Research on geothermal energy: using collectors under farmland
Two research projects are under way to investigate how innovative geothermal collectors can be used to harness heat from agricultural land. The scientists involved are also exploring how this heat can be used to supply the local area.
As part of the research projects, collectors are being installed under farmland where they absorb temperatures of between five and 15 degrees. The heat generated can be used to provide surrounding households and commercial areas with either heating or cooling, while the field above the collectors can be used as normal.
Instead of using conventional district heating, municipalities would also be able to utilise this technology to harness enough geothermal energy to meet their needs and could even operate their own plants. Given the fact that temperatures in soil layers close to the surface are comparatively low, the collectors can be used for either cooling or heating as required. In the future, such systems could also go be used as storage mediums and absorb energy whenever supply exceeds demand.
No interference with land use: fields can be re-used as soon as collectors installed
Due to the fact that ground collectors are installed at shallow depths, they often interfere with other types of land use. This is the reason why this type of collector has typically been installed across small and unused areas. By cooperating with one another across these projects, research and industry are now setting out to change this precedent by developing innovative new ways of using collector technology and harnessing energy.
The aim of the research is to advance and significantly simplify the installation of large-scale geothermal systems at shallow depths. As part of the model project EnVisaGe, which is being coordinated by the University of Applied Sciences in Stuttgart, the project partners have implemented the agrothermal collector technology for the very first time. In the municipality of Wüstenrot (Baden-Württemberg), collectors were installed across an area of around 5,000 square metres. The facility, which is the size of a football field, supplies the entire local area.
While the first collectors were installed using a tractor, in future a special installation machine will be used. This machine is being developed as part of the KollWeb 4.0 research project at the University of Applied Sciences in Dresden under the coordination of Doppelacker GmbH, an engineering company specialising in low-temperature supply systems. With the help of the new technology, near-surface collectors of the desired size can be 'ploughed' into the ground at a depth of two meters with minimal intervention. As the collectors are installed below the depth reached by agricultural machines, the area can be used again for farming immediately after the collectors have been laid.
Collectors offer many advantages: cold heating networks
The heat generated by the collectors is then fed into a 'cold heating network' and then distributed. 'Cold' is used to refer to the temperatures of between five and 15 degrees Celsius found all year round where the collectors are installed – compared the higher temperatures in deeper layers of the earth.
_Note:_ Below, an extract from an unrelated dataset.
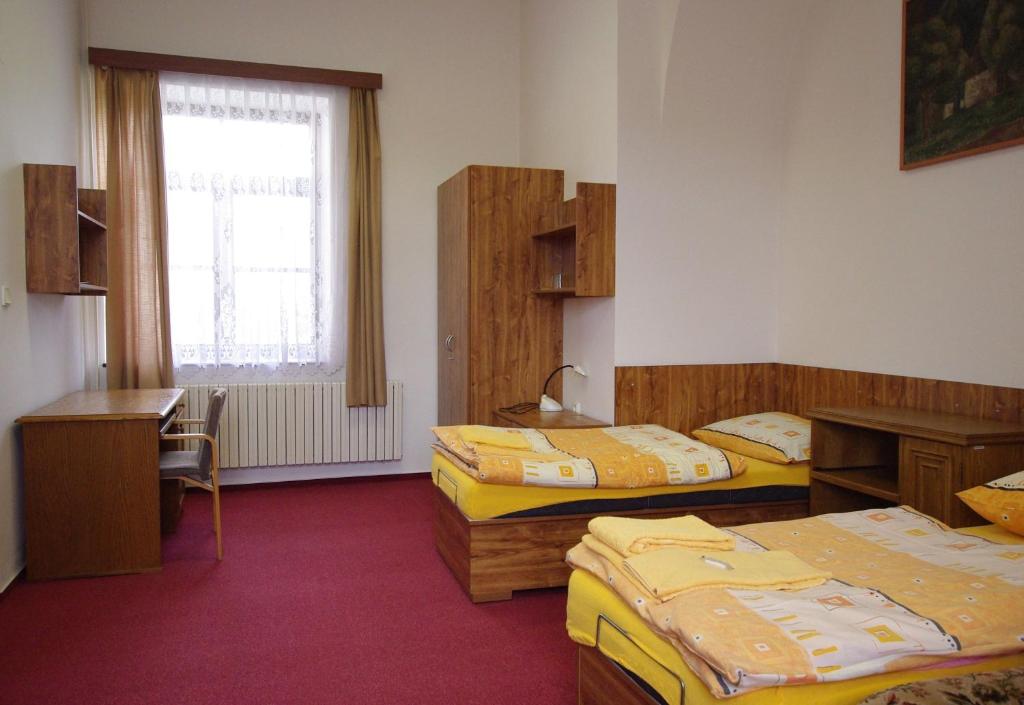 Postel nebo postele na pokoji v ubytování Koleje Zamecek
Once the energy has been transported through to the consumer, the temperature is raised using heat pumps so that it can be used for heating buildings or hot water, for example. Thanks to the low temperatures, the system can also be used for cooling – either directly or by means of refrigeration machines. By using heating and cooling simultaneously, additional synergy effects are created that can increase the efficiency of heat pumps and chillers.
Another advantage is that traditional district heating networks usually supply heating on the basis of supply. In contrast, the cold heating networks are able to deliver a needs-based supply of geothermal heat for heating and cooling at any time of the day.
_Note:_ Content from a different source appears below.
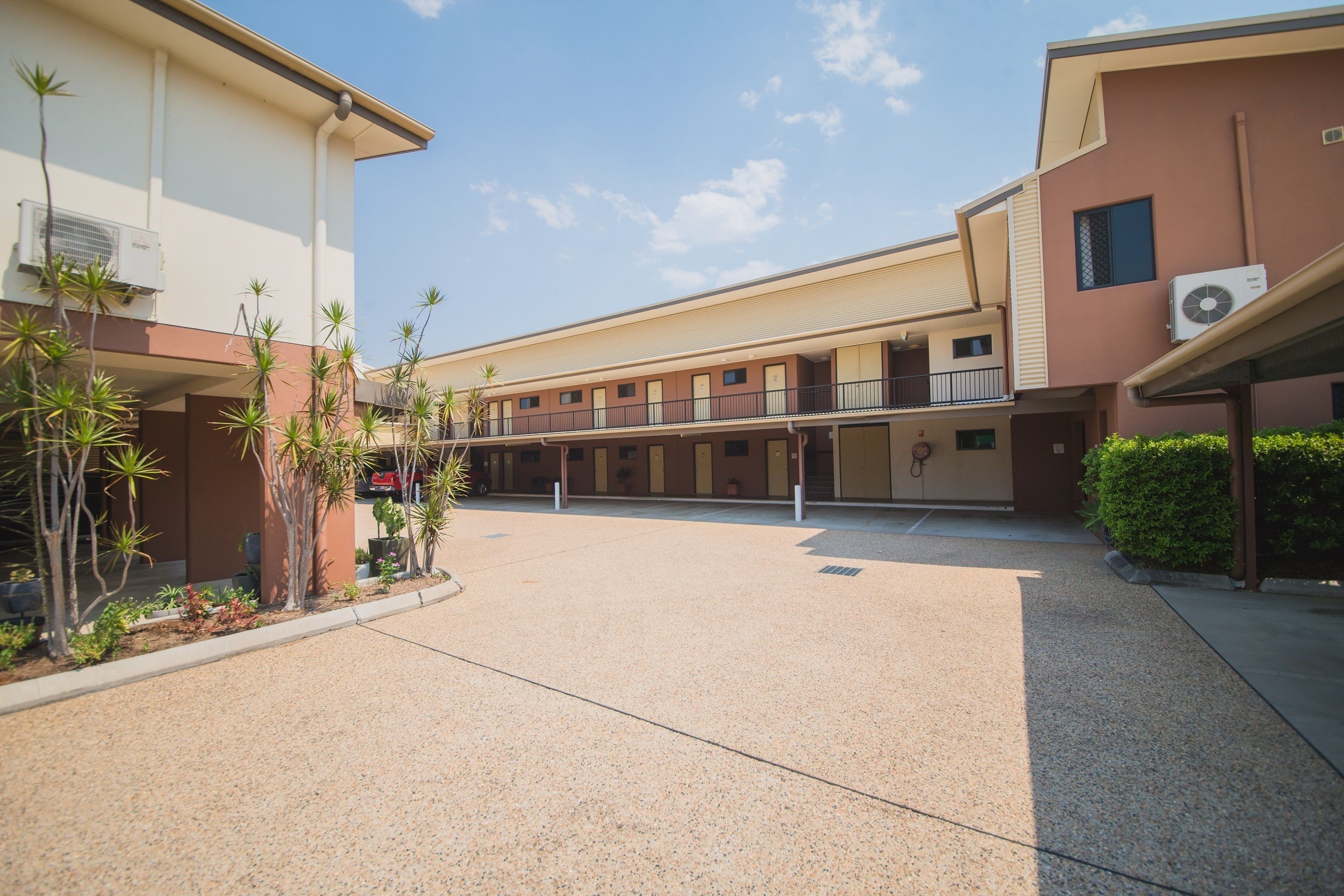A courtyard with a covered walkway, air conditioning units, and potted plants.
As the required temperatures are only generated once the energy has reached the consumer, there is hardly any heat loss during transport – especially compared to district heating networks. Traditional district heating is usually produced as a by-product of fuel-based electricity production using combustibles. Agrothermal collector systems are also able to fully regenerate themselves. This is because the geothermal energy that is extracted from close to the surface largely comes from solar radiation over the course of the year.
The Federal Ministry for Economic Affairs and Energy is initially providing €2.6 million in funding for the 'EnEff: Wärme Kollweb 4.0' project up to the end of 2019. The project 'EnEff:Stadt – EnVisaGe' (municipal network-connected energy supply – Vision 2020 based on the example of the municipality of Wüstenrot) was provided with €3.4 million in funding up to the end of 2017.